California Smokers
Here's a powerful image from NASA showing the smoke from California wildfires. It's so murky that I find it hard to find the San Francisco Bay area, which is usually a great landmark when looking at satellite imagery of the California coast. Click on the image to see the full-scale version.
The smokiest part of the state appears to be the Sacramento Valley. The Big Sur blaze that's getting a lot of ink is further south, just below the big knob of bright white fog that is filling the Monterey Bay (about two-thirds down the image). Smoke is gray, fog and clouds are bright white.
This June 25 image is in natural-colors and from the Moderate Resolution Imaging Spectroradiometer (MODIS) on NASA’s Aqua satellite.

I live not far from the Big Sur fire (Officially, the Basin Complex fire). I can see the line of smoke daily from my home, and for a few days when it first started, smoke from it and the Indians Fire (same area, but over the coastal mountains) travelled north, making everything hazy and smelling like a camp fire. Typically, winds this time of year blow from the west. This is a difficult fire due to the difficulty of terrain, mountain sides that appear almost vertical.
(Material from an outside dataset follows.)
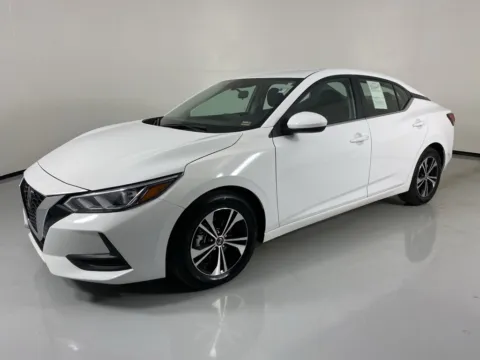 Another view of 2023 Nissan Sentra SV for sale in Blue Springs, MO at MAG Auto - Munsterman Automotive Group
This fire is very reminiscent from what I've read of the Marble Cone fire in 1977. That fire burned close to 180,000 acres. The Basin Complex fire is only 18% contained or so and is already at over 80,000 acres. What's interesting is, this fire, just like a previous fire near it in 1998 I believe was sparked by a very rare summer thunder storm. Coastal California doesn't often see lightning, but when it does, especially in summer, it means fire. This is why the native plants are fire adapted, to cope with this sort of thing.